Food and Drug Administration 2098 Gaither Road Rockville MD 20850

DEC 0 5 2008

Ms. Carol A. DePouw Regulatory Affairs Specialist DiaSorin Inc. 1951 Northwestern Avenue P.O. Box 285 Stillwater, MN 55082-0285

Re: K082049

Trade/Device Name: LIAISON® Anti-HAV and LIAISON® Control Anti-HAV Regulation Number: 21 CFR 866.3310 Regulation Name: Hepatitis A Virus Serological Reagents Regulatory Class: Class II Product Code: LOL, JJX Dated: October 24, 2008 Received: October 27, 2008

Dear Ms.
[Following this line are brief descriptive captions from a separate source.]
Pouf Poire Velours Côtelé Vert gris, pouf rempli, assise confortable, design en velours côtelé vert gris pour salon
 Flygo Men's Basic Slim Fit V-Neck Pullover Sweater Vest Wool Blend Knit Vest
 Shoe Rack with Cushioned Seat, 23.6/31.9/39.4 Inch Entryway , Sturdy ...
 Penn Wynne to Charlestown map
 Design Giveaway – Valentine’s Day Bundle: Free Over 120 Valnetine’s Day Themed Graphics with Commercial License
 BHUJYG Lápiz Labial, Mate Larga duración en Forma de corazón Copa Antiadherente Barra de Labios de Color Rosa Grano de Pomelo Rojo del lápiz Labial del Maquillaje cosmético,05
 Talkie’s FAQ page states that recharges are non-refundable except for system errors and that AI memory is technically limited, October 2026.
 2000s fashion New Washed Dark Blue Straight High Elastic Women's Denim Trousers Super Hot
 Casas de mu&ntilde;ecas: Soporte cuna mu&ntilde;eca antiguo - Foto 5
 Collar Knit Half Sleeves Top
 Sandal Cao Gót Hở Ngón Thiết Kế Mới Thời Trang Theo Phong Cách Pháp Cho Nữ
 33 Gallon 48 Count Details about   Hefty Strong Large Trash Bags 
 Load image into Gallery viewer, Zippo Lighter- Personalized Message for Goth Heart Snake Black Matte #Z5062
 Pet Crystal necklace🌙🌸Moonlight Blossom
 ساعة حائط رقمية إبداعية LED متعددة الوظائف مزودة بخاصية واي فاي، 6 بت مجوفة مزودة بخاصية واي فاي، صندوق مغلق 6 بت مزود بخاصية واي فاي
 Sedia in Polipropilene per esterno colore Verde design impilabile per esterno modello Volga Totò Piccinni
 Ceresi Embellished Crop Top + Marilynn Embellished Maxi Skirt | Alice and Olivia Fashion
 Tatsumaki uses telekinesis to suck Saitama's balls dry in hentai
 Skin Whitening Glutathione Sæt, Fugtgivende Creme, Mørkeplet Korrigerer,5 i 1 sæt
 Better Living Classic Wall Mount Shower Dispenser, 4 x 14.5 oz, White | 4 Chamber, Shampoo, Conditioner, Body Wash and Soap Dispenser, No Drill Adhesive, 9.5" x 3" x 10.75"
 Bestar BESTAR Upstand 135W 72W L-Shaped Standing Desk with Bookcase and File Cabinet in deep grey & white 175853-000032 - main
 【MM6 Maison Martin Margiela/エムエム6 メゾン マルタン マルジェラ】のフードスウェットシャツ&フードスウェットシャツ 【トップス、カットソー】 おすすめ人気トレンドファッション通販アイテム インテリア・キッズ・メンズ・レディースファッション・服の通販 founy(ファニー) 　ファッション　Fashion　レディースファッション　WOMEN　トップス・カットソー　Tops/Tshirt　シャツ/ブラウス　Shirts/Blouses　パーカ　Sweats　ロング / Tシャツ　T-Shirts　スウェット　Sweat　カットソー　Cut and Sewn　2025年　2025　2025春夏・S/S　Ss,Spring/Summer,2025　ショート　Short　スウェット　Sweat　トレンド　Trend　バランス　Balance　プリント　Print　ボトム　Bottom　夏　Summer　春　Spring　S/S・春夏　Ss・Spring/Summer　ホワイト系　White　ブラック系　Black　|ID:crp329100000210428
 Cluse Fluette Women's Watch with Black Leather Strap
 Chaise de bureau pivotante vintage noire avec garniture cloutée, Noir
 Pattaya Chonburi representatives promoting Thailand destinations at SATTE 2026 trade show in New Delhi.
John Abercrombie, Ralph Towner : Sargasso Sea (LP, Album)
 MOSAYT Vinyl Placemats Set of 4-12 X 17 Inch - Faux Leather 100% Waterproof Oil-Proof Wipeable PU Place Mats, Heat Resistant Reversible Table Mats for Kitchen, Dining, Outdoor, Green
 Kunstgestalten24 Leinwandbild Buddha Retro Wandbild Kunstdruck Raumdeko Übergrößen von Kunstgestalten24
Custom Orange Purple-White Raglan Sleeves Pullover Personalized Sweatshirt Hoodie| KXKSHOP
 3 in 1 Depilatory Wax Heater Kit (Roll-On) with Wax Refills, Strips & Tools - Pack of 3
DePouw:

We have reviewed your Section 510(k) premarket notification of intent to market the device referenced above and have determined the device is substantially equivalent (for the indications for use stated in the enclosure) to legally marketed predicate devices marketed in interstate commerce prior to May 28, 1976, the enactment date of the Medical Device Amendments, or to devices that have been reclassified in accordance with the provisions of the Federal Food, Drug, and Cosmetic Act (Act) that do not require approval of a premarket approval application (PMA). You may, therefore, market the device, subject to the general controls provisions of the Act. The general controls provisions of the Act include requirements for annual registration, listing of devices, good manufacturing practice, labeling, and prohibitions against misbranding and adulteration.

If your device is classified (see above) into either class II (Special Controls) or class III (PMA), it may be subject to such additional controls. Existing major regulations affecting your device can be found in Title 21, Code of Federal Regulations (CFR), Parts 800 to 895. In addition, FDA may publish further announcements concerning your device in the Federal Register.

Please be advised that FDA's issuance of a substantial equivalence determination does not mean that FDA has made a determination that your device complies with other requirements of the Act or any Federal statutes and regulations administered by other Federal agencies. You must comply with all the Act's requirements, including, but not limited to: registration and listing (21 CFR Part 807); labeling (21 CFR Parts 801 and 809); and good manufacturing practice requirements as set forth in the quality systems (QS) regulation (21 CFR Part 820).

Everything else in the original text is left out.